“Privacy is an ancient concept” said Jim Sterne, chairman of the Digital Analytics Association (DAA) and fellow ClickZ columnist at his keynote presentation at the Emetrics Summit in San Francisco last month. Sterne went on to ask the audience: “So, whom do we trust with our data?”
“Our data?” I thought. That got my attention.
I’ve been working in and around marketing data and analytics for the best part of 30 years and it struck me, possibly for the first time, that there is an increasing challenge to the implicit assumption that data collected belonged to the organisation collecting it and not to the person that it was collected from.
Two key trends
The two key trends behind this potential clash between companies and their customers are (1) the explosion in data being generated and harvested and (2) the recognition that by increasing numbers of organisations, the successful management and analysis of that data can be a source of competitive advantage.
On the other hand, the growth of the amount of personal data being generated from mobile devices, wearables, the Internet of Things, etc. is still largely happening unnoticed by the general public. The evidence, according to a recent study published in the Harvard Business Review is that most people are unaware of the types and amount of data that is being collected on them when they go online.
However, this fact doesn’t mean that consumers aren’t concerned about the issue of who’s got their data and how it’s being used. According to the same study, over 97 percent of people were concerned that governments and businesses could abuse that data. So, there’s an apparent contradiction; consumers seem surprisingly unaware about the nature and scale of data being collected but they’re also very concerned about what might be done with it.
A slumbering giant?
To get a perspective on all of this I turned to Aurelie Pols, an independent consultant who was recently voted Most Influential Industry Contributor by the members of the DAA. She told me: “Certain customers are definitely more aware”, but that “citizens and consumers still have to make huge efforts to understand how and where their data flows.”

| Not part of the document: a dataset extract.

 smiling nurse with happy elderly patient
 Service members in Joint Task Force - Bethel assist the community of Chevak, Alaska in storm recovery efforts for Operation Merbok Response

It seems to me that there’s a slumbering giant here of public awareness and concern that could be about to wake up. This brings us back to Sterne’s original premise; whom are we going to trust with those signals?
Transparency will be key
For a business, is developing customer trust just a question of operating good privacy practices? Pols certainly thinks it’s important and that “trust usually stems from them – for example – protecting data to avoid data breaches”. I asked Sterne what he thought and he takes a somewhat different view: “Good privacy practices implies moral, ethical and legal considerations. Gaining trust is just a matter of marketing. You can build the impression of trust without any practices whatsoever”.
So, strong privacy practices are necessary but not necessarily sufficient, businesses need to “walk the talk” and be transparent with people in terms of what they collect, why they collect it and what they do with it. Above all they need to be able to explain the value that their customers get from that. Is it better products and services? Is it more relevant communications, or do they get a share of a revenue stream?
Being transparent is not without its challenges though, and as Pols told me, in the short term there is a danger that transparency could actually damage trust. Consumers in general are not at the point where they understand the complexities of data flows, and as Sterne points out: “Since companies cannot be clear, comprehensive and concise when explaining what is collected and how it is used (that would require years of study to understand), they can only be clear about the value that they are returning in exchange.”
I think the days’ of unfettered personal data collection are numbered. It may be a slow burn process or there could be a cataclysmic shock event that causes a public and regulatory backlash. Whichever way, businesses need to start to prepare themselves for analytics in a different era. If they want to use analytics for strategic advantage, they will have to secure access to the data through trust and negotiation. They will need to recognize the customer will retain ownership and could revoke those rights at any time. In the first instance, businesses need to start thinking about this now and ask themselves “If customers knew how you use their data, would they call it creepy?”